Familiegegevens en opleiding

GenLias geeft de geboorte te Bolsward op 28 november 1813 van een Feite Bees Agema als zoon van Bee Feites Agema en Ymkjen Rienses

(Volgens van Blokland-Visser geboren in 1814 te Kampen, maar dus wellicht onjuiste opgave.)

 

Het Stadsarchief te Amsterdam meldt de geboorte van o.a. Gerritje Agema op 11 september 1837 als dochter van Feite Agema, 24 jaar, zeeman, wonend in de Bantammerstraat nr.1 kanton 3 en Johanna Mesman. Bij de geboorte van Gerritje was de vader afwezig.

Ook te Amsterdam de geboorte op 04 februari 1841 van Anna Geziena Imkje Agema, die op 29 september 1869 te Hattem trouwde met Cornelis Simon Boss. Als ouders van de bruid worden opgegeven Feite Bees Agema en Johanna Mesman.

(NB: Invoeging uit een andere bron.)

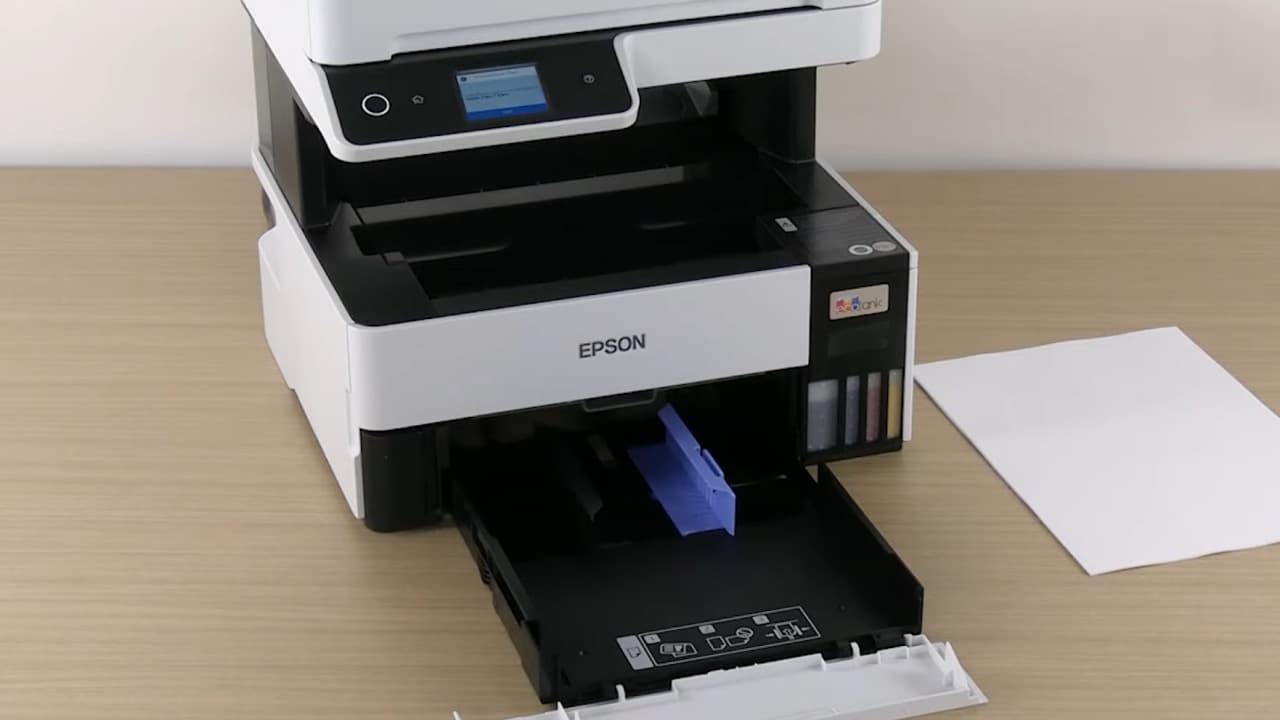 Epson EcoTank L6490 vista frontal com touchscreen 2,4 polegadas e tanques de tinta DURABrite visíveis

Feite is dan “zonder beroep”.

Een Feijke Janna Agema huwde op 05 april 1860 te Kampen en als haar ouders worden genoemd Johanna Mesman en Feite Bees Agema, schipper.

Een Everdina Agema huwde op 18 april 1872 te Kampen en als ouders worden genoemd Johanna Mesman en Feite Bees Agema,  schipper.

In de Bevolkingsregisters 1850 en 1864 te Amsterdam worden geen Feite Bees Agema genoemd.

GenLias geeft een overlijden van Feite Bees Agema te Kampen in 1880 (geen nadere datering) en van een Feite Agema te Kampen in 1887 (ook geen nadere datering).

 

Een relatie met het zeemansvak van een Agema geeft het “Gedenkboek Adelborsten-opleiding te Willemsoord 1854-1954” door P.S. van ’t Haaff en M.J.C.Klaassen, van Dishoek, Bussum. 1954.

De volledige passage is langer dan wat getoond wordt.